=== WHAT YOU NEED TO DO ===
In the copy, include no pictures. Reproduce the rest of the entries exactly.

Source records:
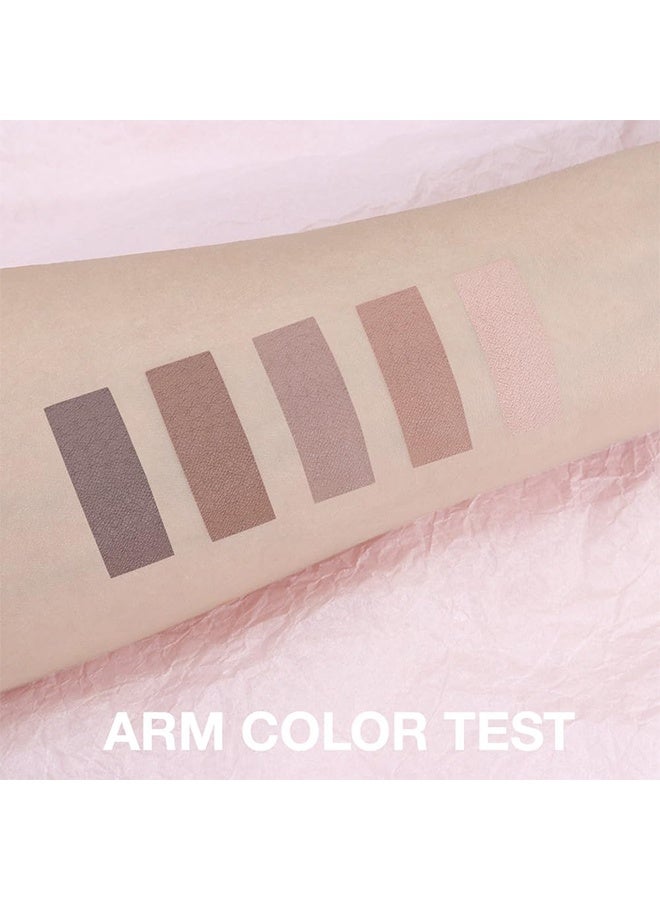 MYHO Microscopic Carvings Outline Five-Color Eyeshadow Palette, Neutral Nude Brown Eyeshadow Palette, 5 Matte Shades from Cream to Charcoal, Smooth Blendable Texture, Everyday to Smoky Glam Eye Makeup, Travel-Friendly Compact for Daily Looks 06 - Image 3
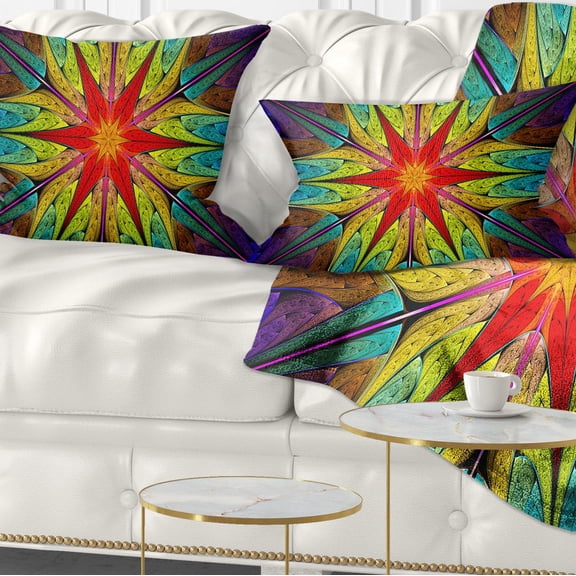Designart Stained Glass with Bright Red Star - Abstract Throw Pillow - 12x20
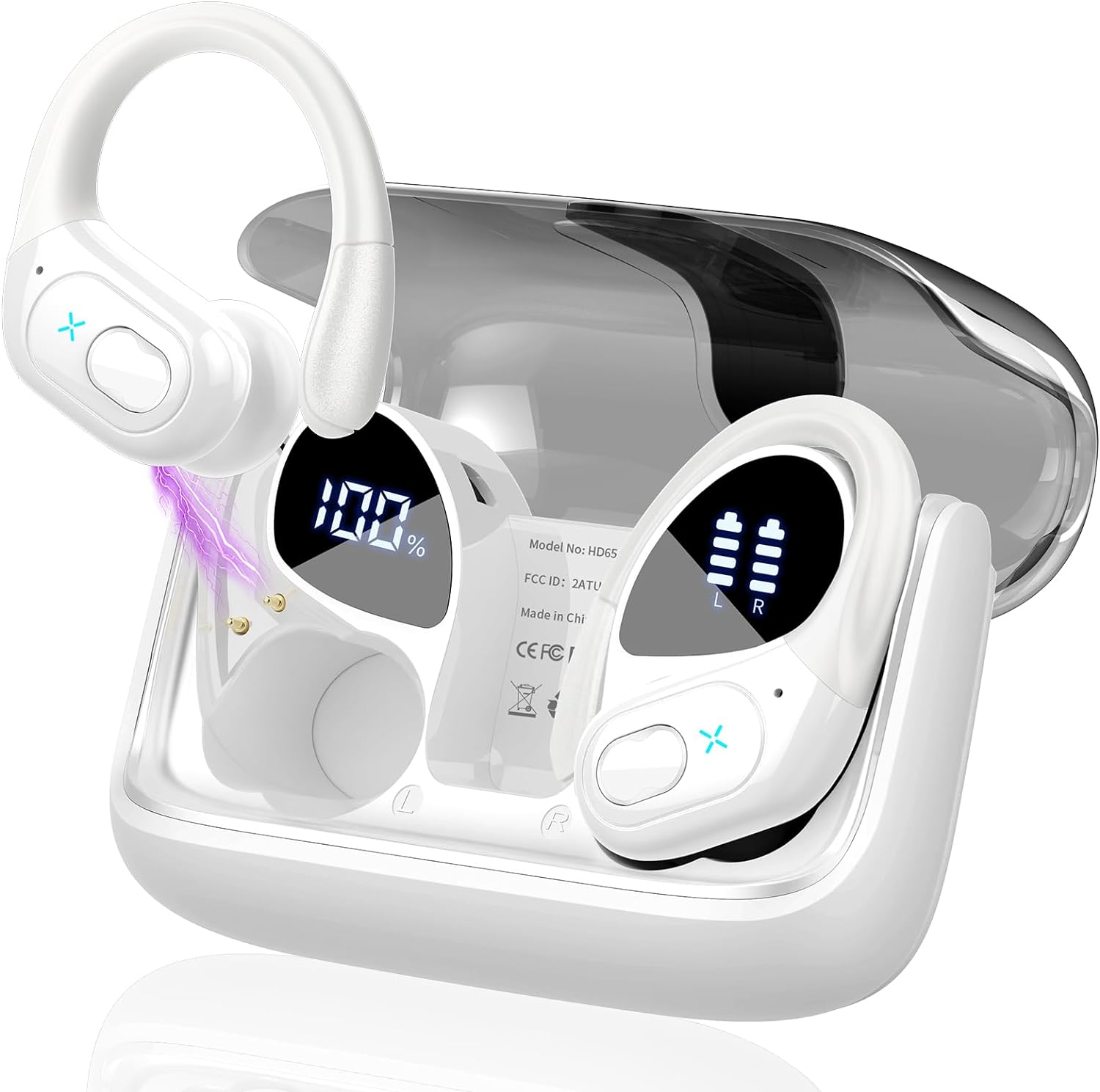 Wireless Earbuds 75hrs Bluetooth 5.3 Headphone Sport, 2024 Bluetooth Earbuds Ste...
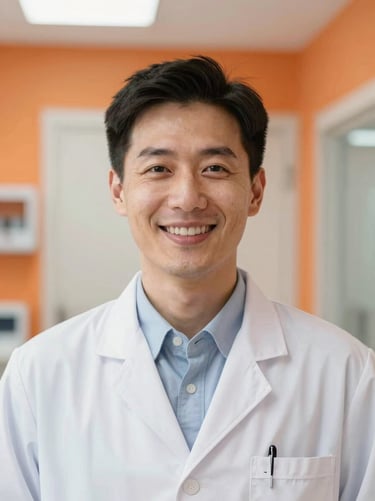Portrait of a professional male radiologist smiling warmly, wearing a white coat, bright clinical background with orange accents, 35mm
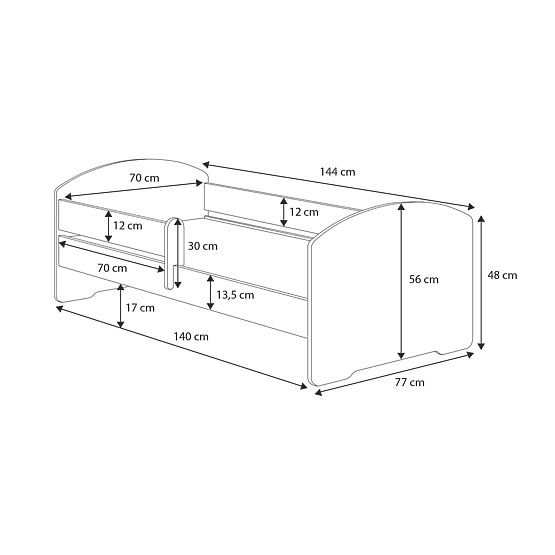 Pat pentru copii MAX cu sertar și barieră 140x70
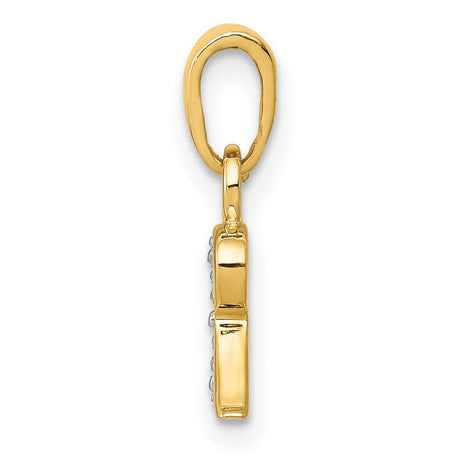 10k Multi-Tone Gold Pendant with Diamond, Letter R Initial Charm, Rhodium Accents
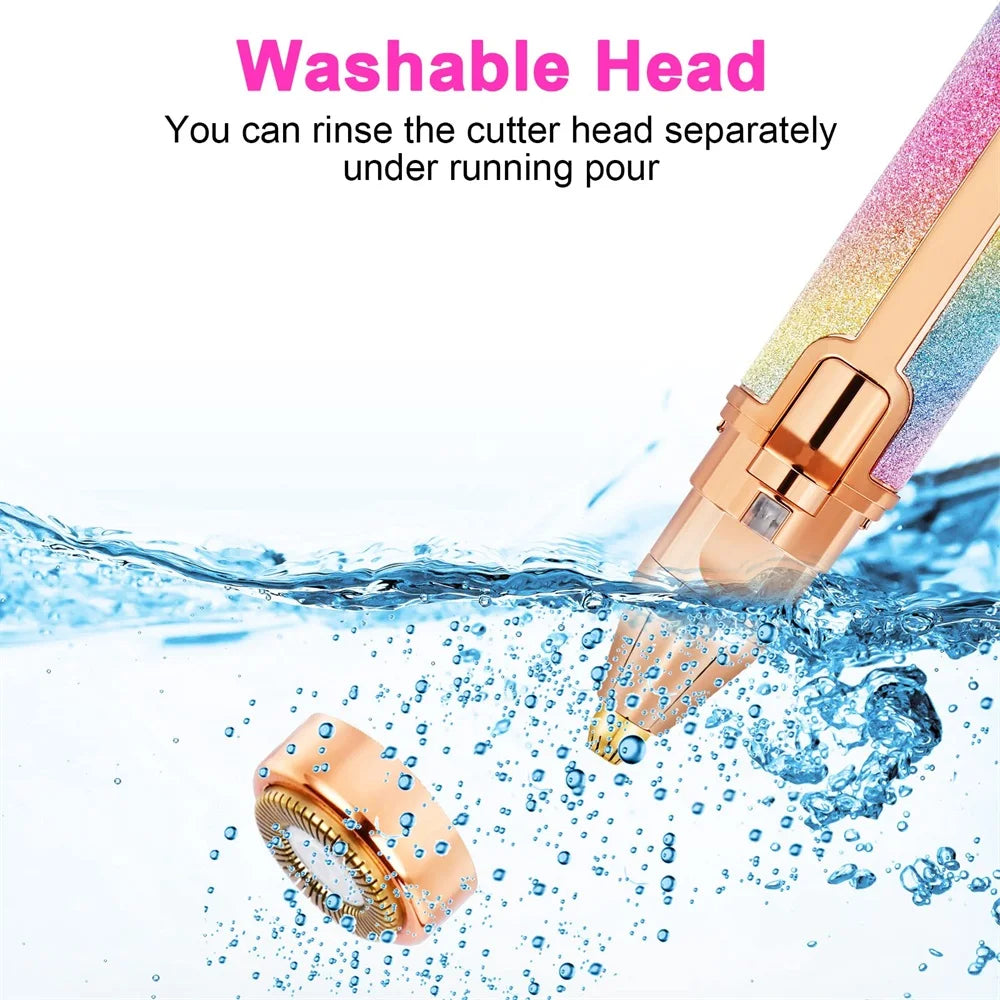 2 In1 Electric Eyebrow Trimmer Painless Eye Brow Mini Shaver Razors Portable Facial Hair Remover Women Built-in LED Light - AMULET RING STORE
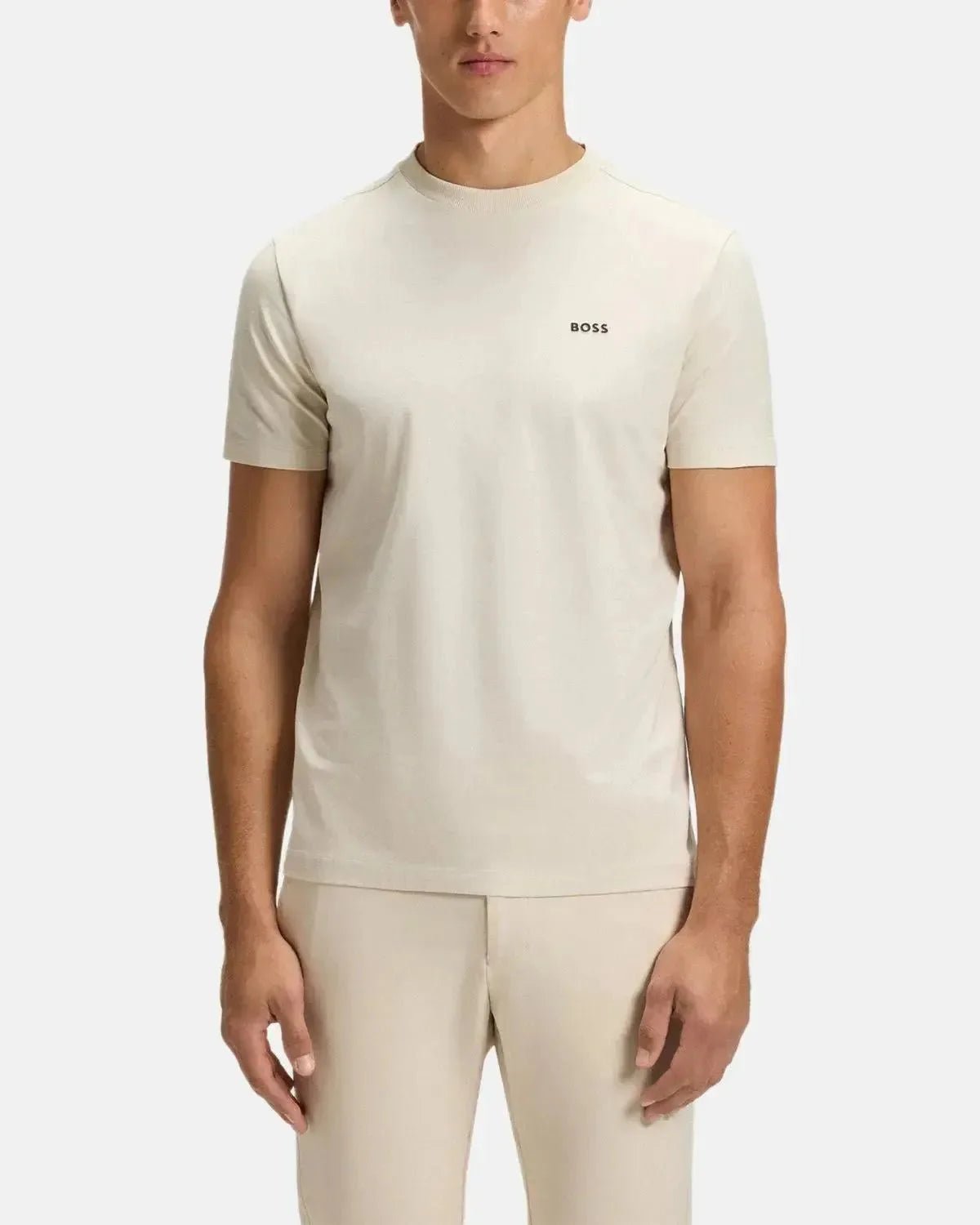 BOSS STRETCH COTTON LOGO T - SHIRT NATURAL | Studio DOS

=== FINISHED EXERCISE ===
 MYHO Microscopic Carvings Outline Five-Color Eyeshadow Palette, Neutral Nude Brown Eyeshadow Palette, 5 Matte Shades from Cream to Charcoal, Smooth Blendable Texture, Everyday to Smoky Glam Eye Makeup, Travel-Friendly Compact for Daily Looks 06 - Image 3
Designart Stained Glass with Bright Red Star - Abstract Throw Pillow - 12x20
 Wireless Earbuds 75hrs Bluetooth 5.3 Headphone Sport, 2024 Bluetooth Earbuds Ste...
Portrait of a professional male radiologist smiling warmly, wearing a white coat, bright clinical background with orange accents, 35mm
 Pat pentru copii MAX cu sertar și barieră 140x70
 10k Multi-Tone Gold Pendant with Diamond, Letter R Initial Charm, Rhodium Accents
 2 In1 Electric Eyebrow Trimmer Painless Eye Brow Mini Shaver Razors Portable Facial Hair Remover Women Built-in LED Light - AMULET RING STORE
 BOSS STRETCH COTTON LOGO T - SHIRT NATURAL | Studio DOS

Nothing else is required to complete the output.